Opinion: The City’s Bike Lanes Need More Protection Than Flimsy Flex Posts

The death of a delivery worker in Astoria last year shows the deficiencies of the DOT's approach.

Footage from the scene after a delivery worker was killed in 2020 underneath the wheels of a Bud Light truck in Queens. Source: Citizen
Footage from the scene after a delivery worker was killed in 2020 underneath the wheels of a Bud Light truck in Queens. Source: Citizen
Macartney Morris
Macartney Morris

The two-way Crescent Street bike lane in Astoria has been a game-changer — creating the spine of a bike network through the center of Astoria, demonstrating high demand for safe biking infrastructure, and making the street safer for all users.

Yet the Crescent Street bike lane, for all its successes, has some real flaws. Moreover, the stubborn, negligent refusal of those in charge to admit the flaws and fix them exposes the deficiencies of the city’s approach to protected bike lanes.

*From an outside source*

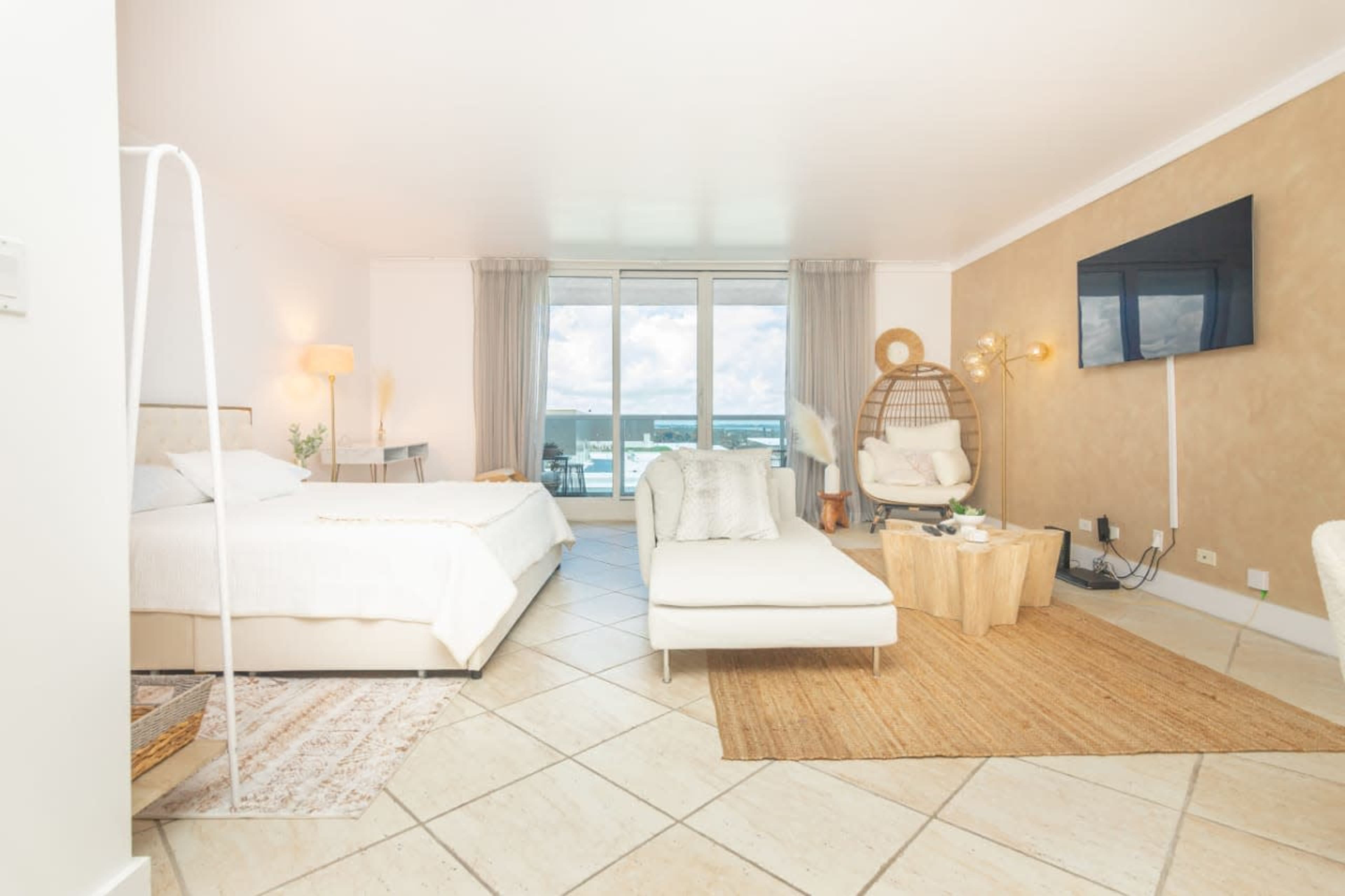 A bright, modern hotel room features a bed, a lounge chair, and a large window with a view of the outside.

One year ago this month, a 35-year old father, husband, delivery worker, immigrant and Queens resident, Alfredo Cabrera Linconia, was killed on the job when the driver of a semi-truck with an (illegal) 53-foot trailer made an (illegal) right turn at the intersection of Astoria Boulevard and Crescent Street and ran him over, killing him. Cabrera Linconia, who was riding a moped, was not in the Crescent Street bike lane, but the lane’s design likely helped cause his death: By removing parking on both sides of the Crescent and installing only some widely spaced, flimsy flex posts to buffer the bike lane, the Department of Transportation purposefully created a wider street, which permitted the oversize truck/trailer driver to make the turn onto Crescent from Astoria Boulevard into the bike lane.


For weeks before Cabrera Linconia’s death, local activists had sounded the alarm that several blocks of the new Crescent bike lane weren’t actually protected and were too porous to cars and trucks. We saw daily evidence that drivers ignored the flimsy flex posts and treated the new bike lane as their space — behavior allowed if not encouraged by the DOT’s deficient design and materials.


We even organized our elected officials to write to the DOT in order to demand that it finish the job and make the bike lane fully protected by installing hardier barriers. But then-DOT Commissioner Polly Trottenberg denied the requested safety upgrades, writing that she and the agency were satisfied with the design “as-is” and would take a wait-and-see approach.

Tragically, we didn’t have to “wait-and-see” very long: Less than a week after she sent her letter, Cabrera Linconia would be killed on one of the exact blocks where we had requested safety upgrades but which she had advised were “not feasible.”

A few years ago, when I asked Mayor de Blasio at a town hall meeting why folks had to die before streets received safety upgrades, he snapped: “I couldn’t disagree more that an administration that has… done Vision Zero is just waiting around for someone to die. I resent that, I think that’s unfair.”

But, in fact, it wasn’t until after Cabrera Linconia died that the DOT decided to give the Crescent bike lane a minor safety upgrade in the exact spot where he was mowed down, by replacing some of the widely spaced flex posts with heavier duty and more tightly placed Qwick Curbs. (Even this was insufficient; the department didn’t install the posts all the way to the crosswalk, which still encourages dangerous, wide turns from trucks and other large vehicles.)

Crescent Street before and after: left, flex posts; right, Qwick Curbs.
Crescent Street before and after: left, flex posts; right, Qwick Curbs.

It makes me wonder: If the DOT’s engineers think that paint and flimsy flex posts do not provide enough safety for the Crescent bike lane at the spot where Cabrera Linconia died, why do they posit that they are safe at other blocks?

Why weren’t all remaining ineffective flex posts on Crescent (from Hoyt Avenue South to Newtown Avenue and from 38th Avenue to 40th Avenue) replaced with more robust posts? Heck, why weren’t the same “paint and post” treatments in bike lanes around the entire city replaced with more worthy bollards?

Again, why does it appear that people must die for the DOT to consider these clearly necessary changes “feasible”? A year after Cabrera Linconia’s death, Trottenberg is gone (having been well rewarded with a promotion to the U.S.DOT) but the city remains stuck with inadequate protection on Crescent on the exact blocks where it’s needed most.


Soon we’ll have a new mayor (who didn’t sign our Assembly member’s pledge to improve Crescent) and a new DOT commissioner but, most likely, the DOT’s policy will still feature only small measures for raising mode share and safety for bikers and walkers. Ultimately, the car (and its need for endless “level of service” and parking) will remain king of the road.

But that doesn’t have to be the case: The Crescent Street bike lane offers us a road map. We know how to fix it, how to make it even better, and how to replicate its successes in other neighborhoods. We know how to protect riders like Cabrera Linconia. It’s up to us.